Secular growth change is the result of a comprehensive effect involving many complicated factors, and cannot be explained by a single factor. These factors include genetic and environmental aspects: the possibility of growth is controlled by genetic factors and the reality by environmental factors. Improvements in environmental factors, including socioeconomic development, nutrition and living conditions, etc., provide conditions that allow genetic potential to be fully realized. The socioeconomic status of Shandong Province, including population size, economy, average income, and living conditions, improved rapidly from 1985 to 2005 (Table 3, http://www.stats.com.cn/tjsj/tjsj.asp), especially, the GDP per capita and income per capita in city and country, which increased by 21.7, 13.4, and 12.9 times, respectively. This provides suitable condition for positive secular growth trends in children and adolescents.

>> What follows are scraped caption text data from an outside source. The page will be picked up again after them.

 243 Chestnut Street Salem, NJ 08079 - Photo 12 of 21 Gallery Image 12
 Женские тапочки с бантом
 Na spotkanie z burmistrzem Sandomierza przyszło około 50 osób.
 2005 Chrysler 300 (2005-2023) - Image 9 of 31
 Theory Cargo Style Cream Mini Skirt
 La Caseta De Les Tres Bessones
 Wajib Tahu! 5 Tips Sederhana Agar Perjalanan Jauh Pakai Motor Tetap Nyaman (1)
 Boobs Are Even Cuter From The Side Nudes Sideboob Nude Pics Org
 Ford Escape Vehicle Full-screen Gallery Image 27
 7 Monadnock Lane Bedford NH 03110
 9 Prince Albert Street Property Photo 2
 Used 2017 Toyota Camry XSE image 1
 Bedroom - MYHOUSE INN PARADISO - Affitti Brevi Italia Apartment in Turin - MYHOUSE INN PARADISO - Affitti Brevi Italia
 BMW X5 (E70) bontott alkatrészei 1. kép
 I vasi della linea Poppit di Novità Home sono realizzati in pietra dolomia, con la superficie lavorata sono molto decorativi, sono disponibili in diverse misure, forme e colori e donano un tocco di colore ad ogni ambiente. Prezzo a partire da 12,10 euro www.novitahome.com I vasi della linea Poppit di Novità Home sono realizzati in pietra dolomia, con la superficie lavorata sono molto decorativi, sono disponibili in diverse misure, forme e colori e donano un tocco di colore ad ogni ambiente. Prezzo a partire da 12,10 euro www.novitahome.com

Secular growth trends are an important biological phenomenon. China is now experiencing a positive secular trend, which is reflected not only in faster growth in childhood, earlier puberty, and steady increments in adult height, but also by dramatic changes in body shape (Ji et al., 2007). This study has shown that the BMI of children and adolescents increased rapidly from 1985 to 2005; this trend might indicate that the prevalence of overweight and obesity increased rapidly, and overweight and obesity among adolescents has indeed become a serious public health problem. The recent increases in prevalence rates for both overweight and obesity in children merit particular attention. In the USA, rates of obesity increased from 5% to 10% between 1963 and 1990 amongst 6–11 year olds (Troiano et al., 1995). In a North American low-income population, the prevalence of overweight in preschool children based on the 85th cutoff point for weight-for-height increased from 18.6% in 1983 to 26.3% in 1995 (Mei et al., 1998). In China, the prevalence rates of obesity reported by CNSSCH in 1985 were only 0.2% and 0.1% for boys and girls, and the prevalence of overweight was between 1% and 2%, indicating no obesity epidemic at that time (Ji et al., 2004). However, a rapid increase in the prevalence of overweight has been noticed since the early 1990s. The prevalence rates of obesity plus overweight reported by CNSSCH had reached 25.4%, 25.5%, 17.0% and 14.3% in 2000 for boys aged 7–9 years and 10–12 years, and girls aged 7–9 years and 10–12 years, respectively (Ji et al., 2004).

In summary, these results reveal a sharp positive trend in growth in boys and girls aged 7–18 years during the 20-year period from 1985 to 2005 in Shandong Province, China. The major reasons for this change most likely relate to socioeconomic development and improvements in nutrition and living conditions.